"""
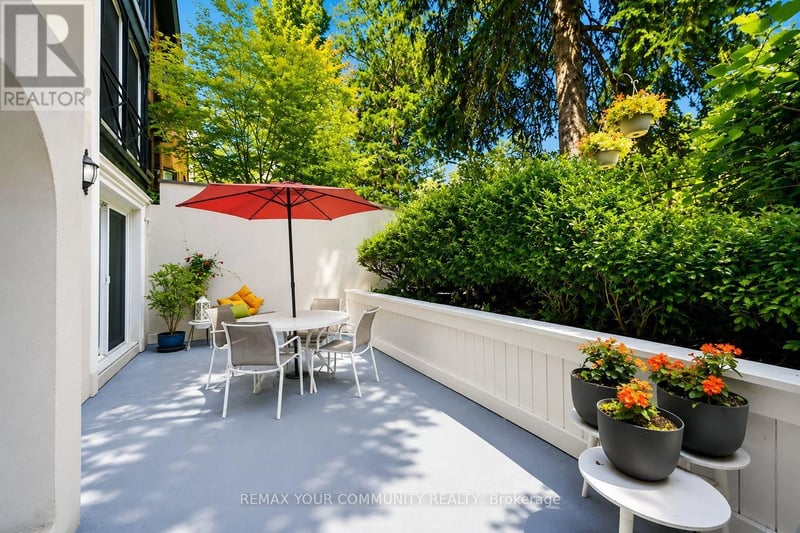 #3 105 Heath Street, Toronto (Yonge-St. Clair), Ontario, M4V1T5, Toronto (Yonge-St. Clair), Ontario — photo 1 of 5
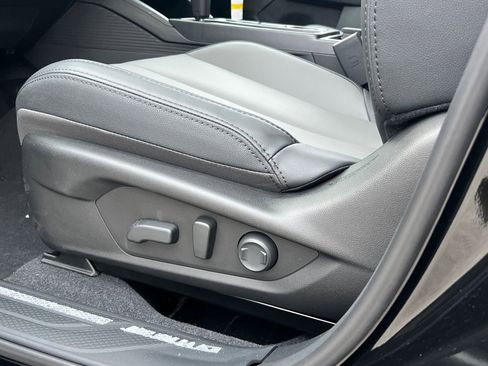 New 2026 Subaru Outback Premium image 21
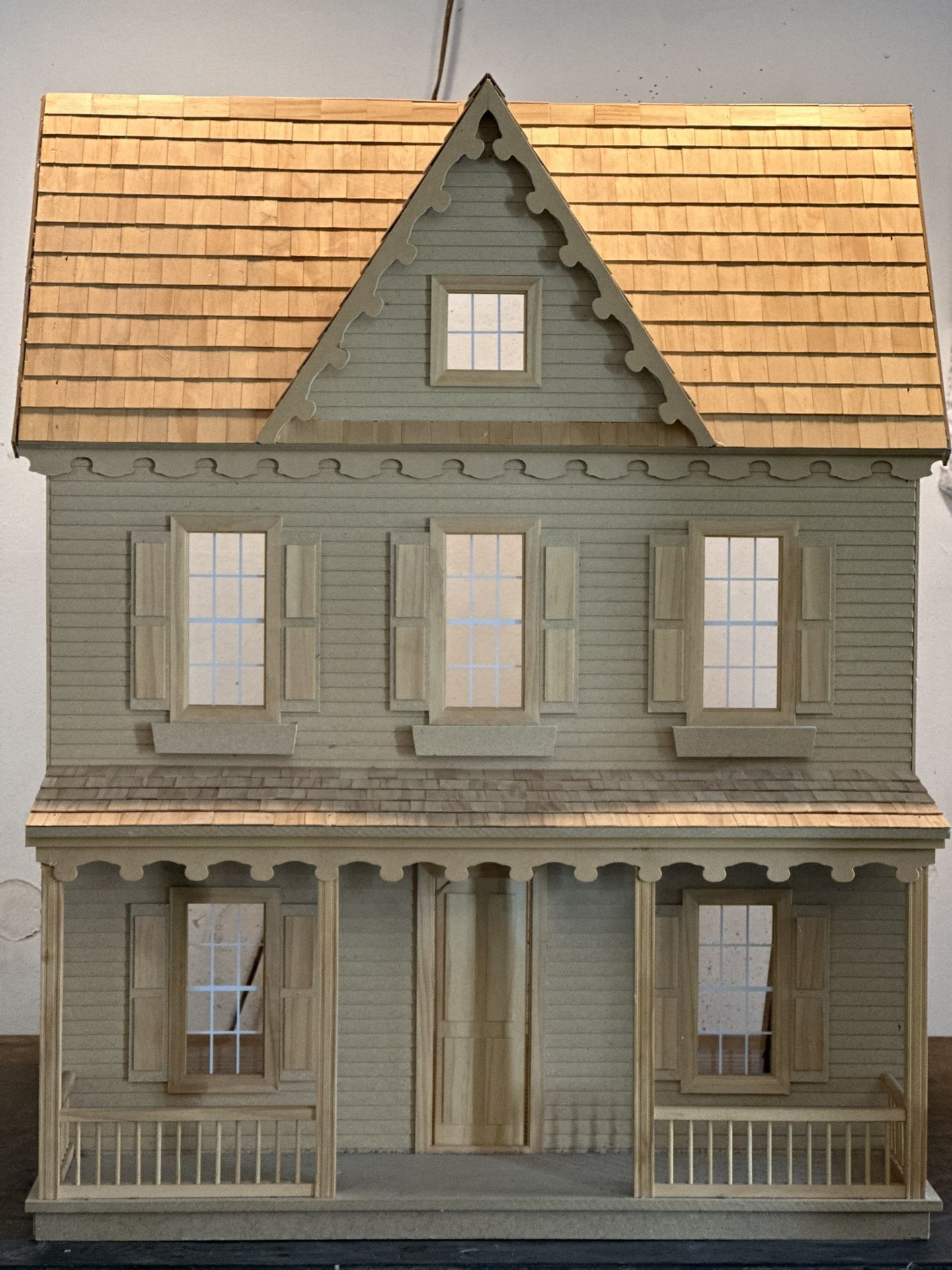 Vermont Farmhouse Jr. Dollhouse Kit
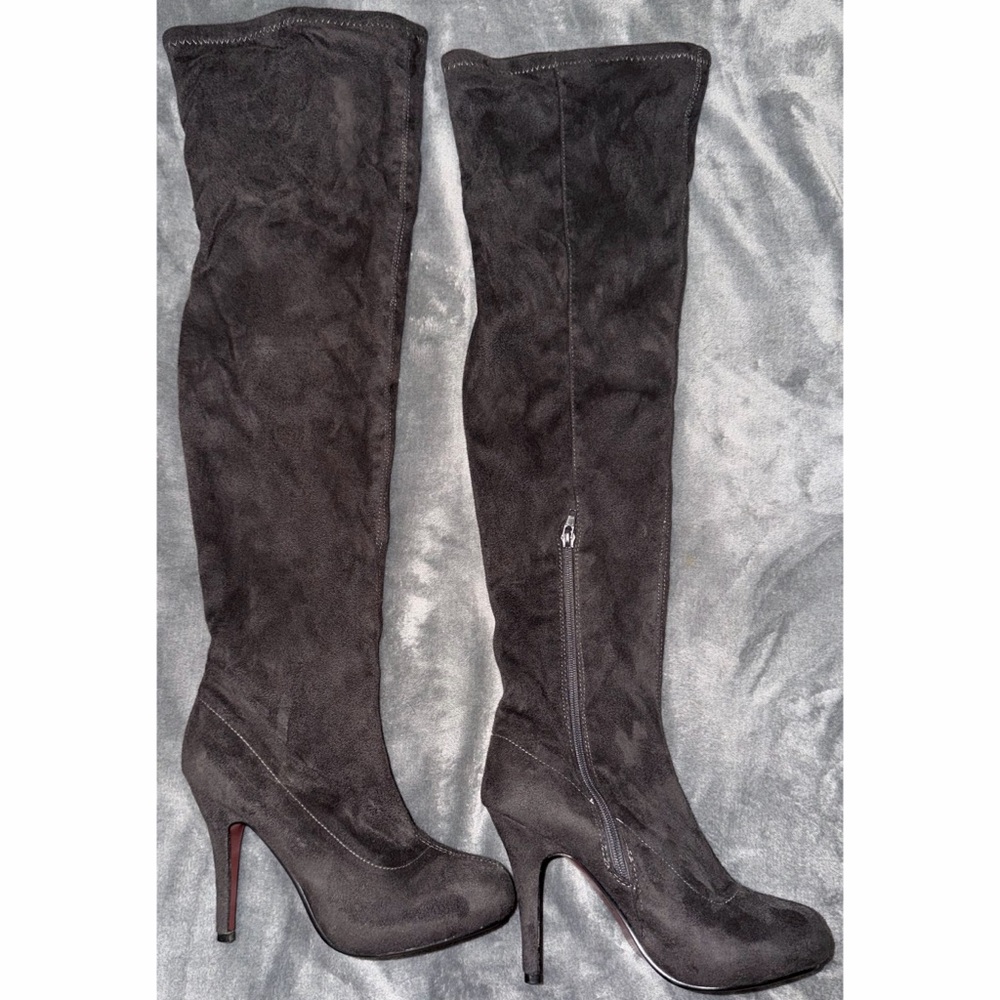🩶 Elegant Knee-High Boots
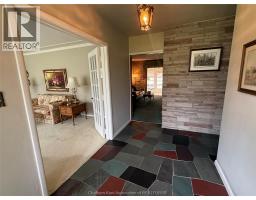 927 Charing Cross ROAD - 4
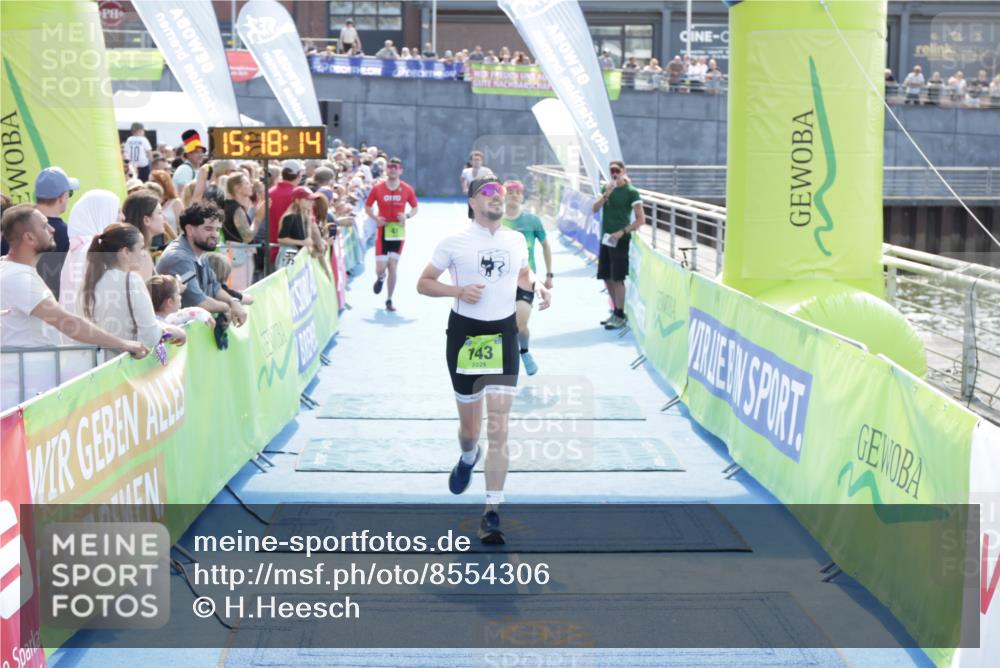 10.08.2025 - GEWOBA Citytriathlon Bremen H.Heesch http://msf.ph/oto/8554306 10.08.2025 15:18:18 Ziel 41, 45, 101, 126, 143, 225 meine-sportfotos.de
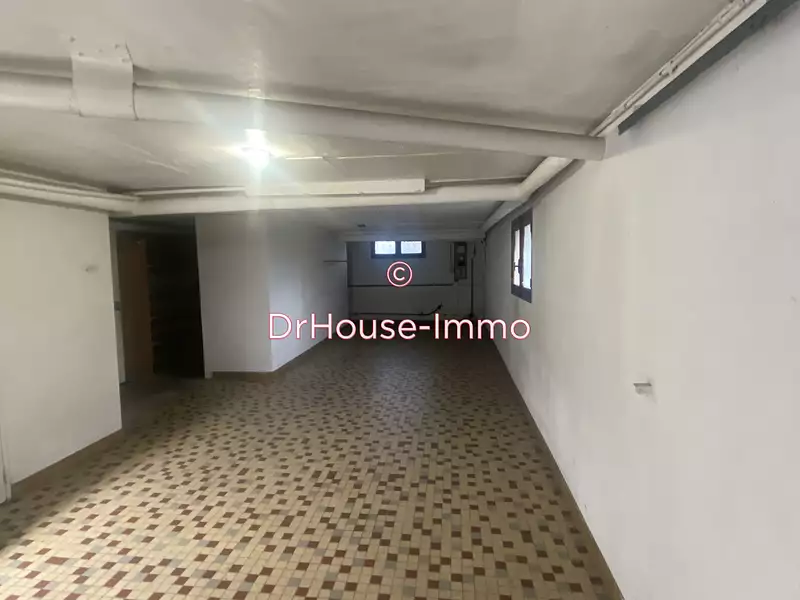 Maison, 174 m²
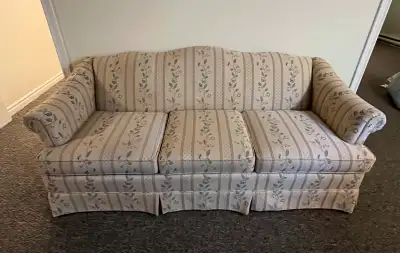 Free couch, View more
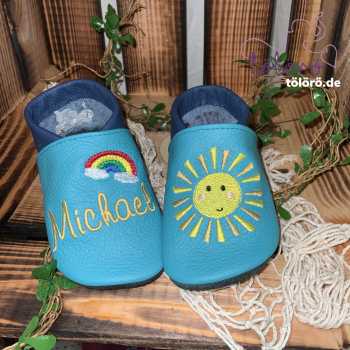 Name mit Mini Regenbogen und große Sonne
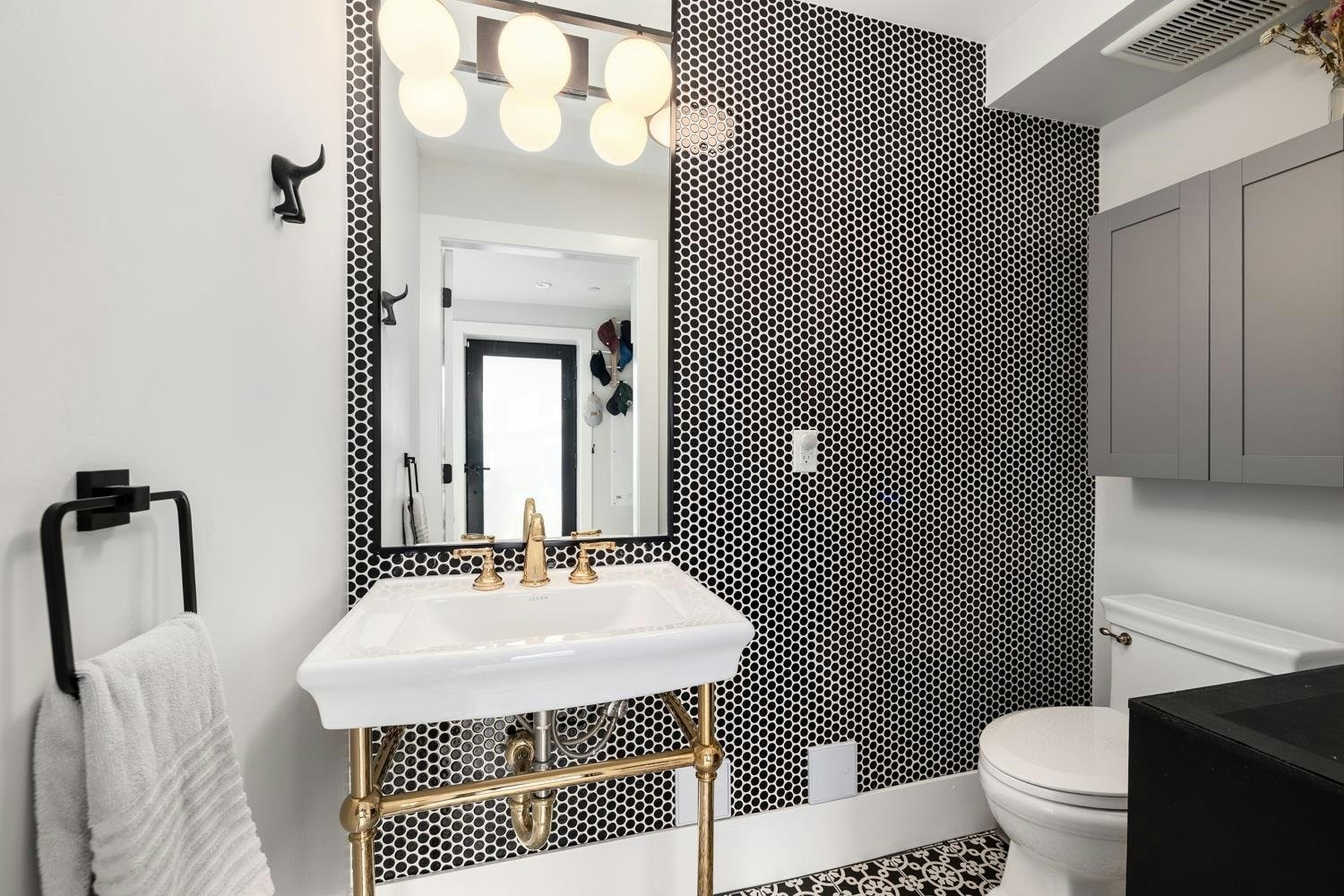3918 Carolina Street, Vancouver, BC, V5V 1X8 - 21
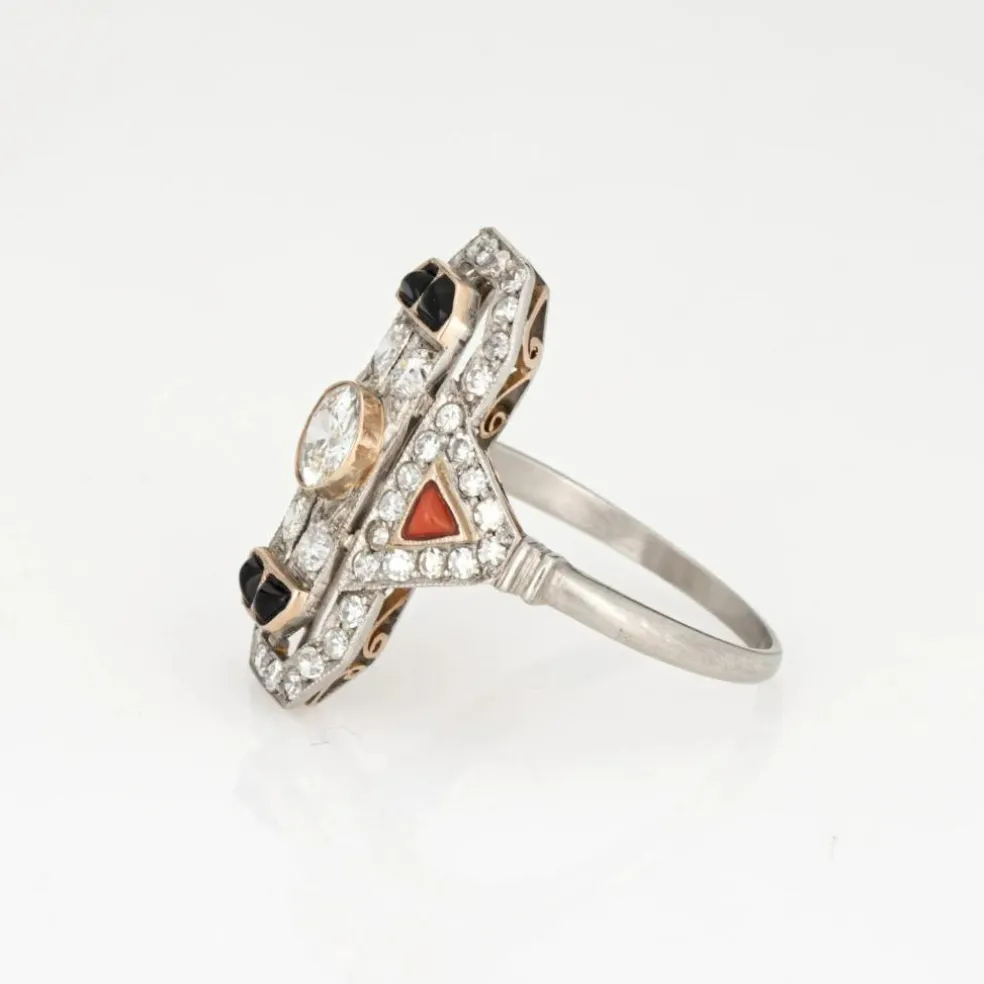 Bague Art Déco vintage en diamant, corail, onyx et platine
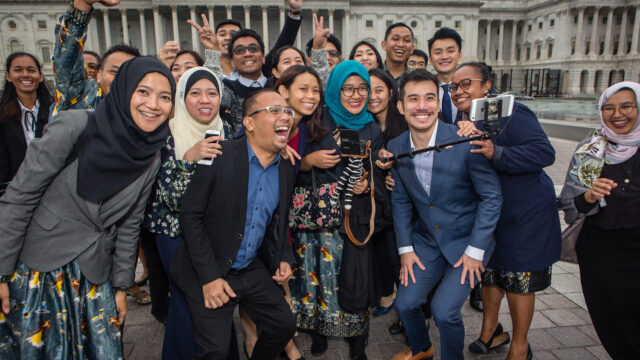 FULLY FUNDED : Check out the 2025 YSEALI Professional Fellows Program in USA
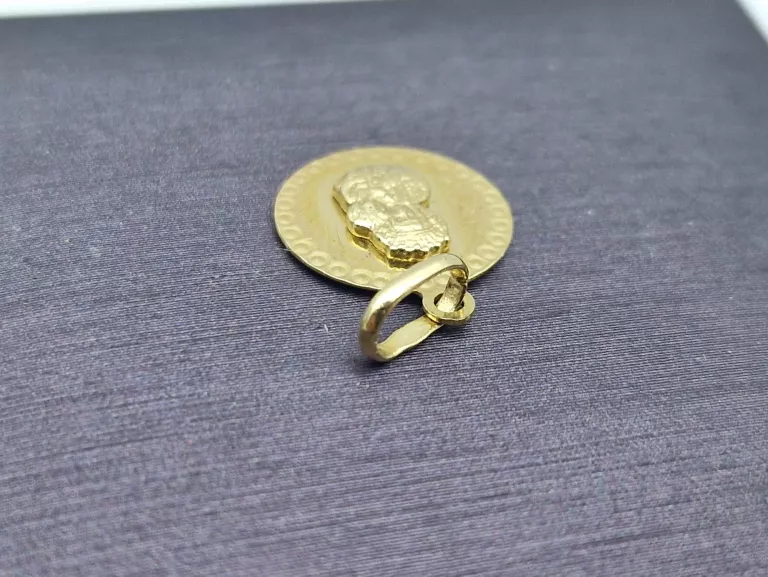 ZLOTA ZAWIESZKA 0,95G PR.585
"""
▸ **Task objective**
All entries should be given again exactly, except that pictures are to be excluded.

▸ **Exercise output**
 #3 105 Heath Street, Toronto (Yonge-St. Clair), Ontario, M4V1T5, Toronto (Yonge-St. Clair), Ontario — photo 1 of 5
 New 2026 Subaru Outback Premium image 21
 Vermont Farmhouse Jr. Dollhouse Kit
🩶 Elegant Knee-High Boots
 927 Charing Cross ROAD - 4
 10.08.2025 - GEWOBA Citytriathlon Bremen H.Heesch http://msf.ph/oto/8554306 10.08.2025 15:18:18 Ziel 41, 45, 101, 126, 143, 225 meine-sportfotos.de
 Maison, 174 m²
 Free couch, View more
 Name mit Mini Regenbogen und große Sonne
3918 Carolina Street, Vancouver, BC, V5V 1X8 - 21
 Bague Art Déco vintage en diamant, corail, onyx et platine
 FULLY FUNDED : Check out the 2025 YSEALI Professional Fellows Program in USA
 ZLOTA ZAWIESZKA 0,95G PR.585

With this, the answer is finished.